Zelf vind ik de volgende redenering het meest overtuigend. We hebben als samenleving "afgesproken" dat we geen echte armoede tolereren, dus dat we iedereen een minimum levenspeil garanderen. Consequent doorgevoerd (wat meestal niet gebeurt) leidt dit tot een recht op inkomen (uiteraard een minimuminkomen). De eenvoudigste en minst bureaucratische manier om dit te verwezenlijken is een (individueel, onvoorwaardelijk) basisinkomen. Minst bureaucratisch wil in dit verband vooral ook zeggen: met de minste kans dat ambtenaren in je priv‚-leven mogen neuzen.


    Recht op inkomen

De weerstanden tegen het basisinkomen draaien altijd rond de angst dat mensen misschien wel niet meer zullen willen werken. Voor iedere bureaucraat en rechtgeaarde conservatief is dat een vreselijk schrikbeeld: "Ledigheid is des duivels oorkussen." Wat hier ten diepste onder zit is de angst voor vrijheid.

De regering en de politieke partijen, van links tot rechts, beweren dat het "recht op werk" boven het recht op inkomen moet worden gesteld. Dat menen ze niet, want als het erop aankomt wil niemand het minimumloon zover verlagen dat Nederland met de derde wereld kan concurreren. Ze roepen het heel hard en hopen dan maar dat ze niet echt voor de keus worden gesteld. Vandaar die nadruk op meer werkgelegenheid. Hoe minder zicht er is op herstel van de volledige werkgelegenheid, hoe harder men schreeuwt over "recht op werk". Intussen kennen we natuurlijk stiekem al een recht op inkomen, want alle intimidatie en criminalisering van de uitkeringsgerechtigden ten spijt, zullen de Sociale Diensten iemand niet laten verhongeren. Alleen, dat mag niet hardop worden gezegd, want stel je toch eens voor dat een bijstandsontvanger zegt: "mij is het zo best; trek voor mijn part die 10% boete af en zeur me verder niet aan m'n kop." Dan zou die bijstandsontvanger niet zielig meer zijn! Tja en dat kan niet, want als iemand die niet werkt niet zielig is, dan zou zich de gedachte wel eens kunnen opdringen dat iemand die werkt zielig is.

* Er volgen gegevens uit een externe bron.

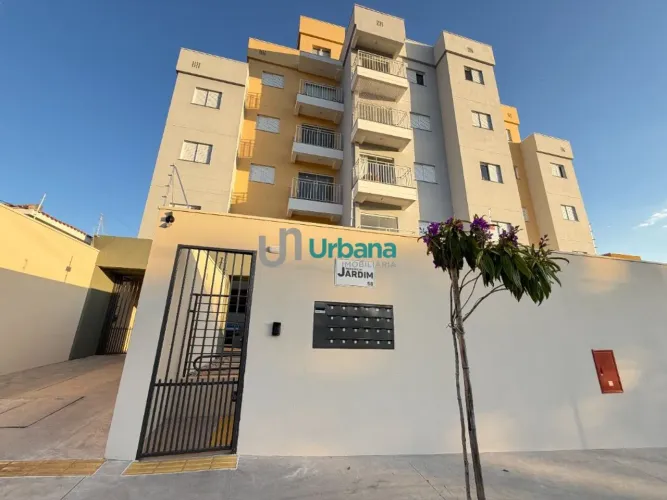Apartamento Padrão para Alugar em São Carlos - 2 Dormitórios, Suíte e Sacada no Cidade Jar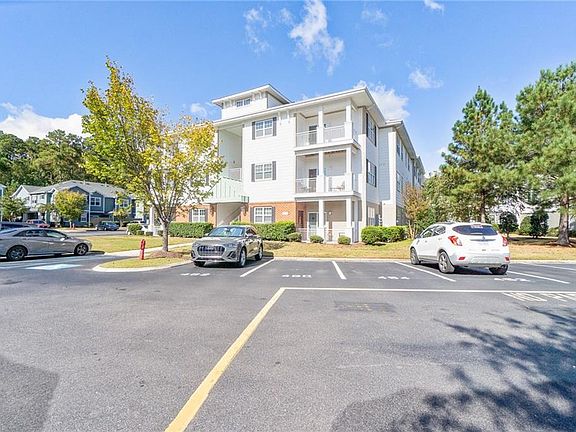 4th image of 2424 Chancery Ln APT 105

Recht op werk, maar als je dat recht niet opeist krijg je een boete. Stel, u hebt recht op huursubsidie, maar u ziet er vanaf; krijgt u voor straf huurverhoging. Er wringt iets, dat is duidelijk. Als werken echt iets fijns was, zou iemand die niet werkt alleen maar zijn recht erop verspelen, en dat zou dan al straf genoeg zijn zonder boete. Maar werken is (meestal) lang niet zo fijn als met "recht op werk" wordt gesuggereerd. Bijgevolg bedoelt iemand die over "recht op werk" leutert altijd "plicht tot werk". Daar hebben we dan de tegenstelling in z'n zuivere vorm. Het is ofwel recht op een basisinkomen, ofwel plicht tot werk. Wie tegen een basisinkomen is, komt vroeg of laat met de plicht tot werken op de proppen. En wie, omgekeerd, werken tot een plicht maakt, wil niet echt een basisinkomen. In een boekje uit 1978 pleitte de PPR voor een basisinkomen, maar daar moest dan toch wel minstens vrijwilligerswerk tegenover staan, dat dan bij de instanties gemeld moest worden. Ja, sorry, maar dan is het geen basisinkomen, want dan bestaat, hoe theoretisch ook, de mogelijkheid dat de uitkering wordt ingetrokken.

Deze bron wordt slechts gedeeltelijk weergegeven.